Sen hiç merak etme, seni ararım,
Senin için kıyamete yanarım,
Senden sebep öldürürüm, ölürüm."

Daha Saniye haber yollamış mı? Hiç buluşmuşlar mı? Yoksa hep hasret mi kalmışlar? Bilmiyoruz. Çünkü kendisi de bu konuda kimseye hiç bir şey anlatmazmış. Ancak bilinen bir tek şey var. Ondan sonra hakikaten öldürmüş ve ölmüş. Yanı sözünde durup kadını Saniye'nin hesabını herkesten sormuş. Düzgün bir hayat yaşamamışsa da, vicdani rahat olarak bu dünyayı terk etmiş. Çünkü Onun kadınını, Saniye yi köyünde adamları işkence ederek öldürmüşler. Osman Efendinin Ahmet te onlardan öldürmüş.

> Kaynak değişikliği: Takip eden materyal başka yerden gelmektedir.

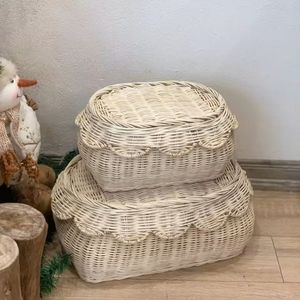 Cesta de mimbre hecha a mano, venta al por mayor, organizador decorativo duradero respetuoso con el medio ambiente para ensalada, pan, frutas o regalo, embalaje listo - Product Image 6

Bir olayda Aslan Bey ile tanışarak arkadaş olmuşlar ve dağa çıkıp birlikte eşkıyalık etmişler. Kanuna hiç teslim olmamışlar. Vatan için milis kuvvetlere katılmışlar. Diğer eşkıyalardan farkları var. İlk zamanlar hiç soygun etmemişler. Onlar genelde mazlum ve mağdur insanların yanlarında olmuşlar. Bir haksızlık yapıldığı zaman meydana çıkmışlar. Vurup kırıp kayıp olmuşlar. Bir daha haksızlık olana kadar hiç kimseye görünmemişler. Romanlara konu olacak bir kaç gerçek macerasını daha sonra yine anlatacağım. Ancak zamanla soygun da yapmağa başlamışlar.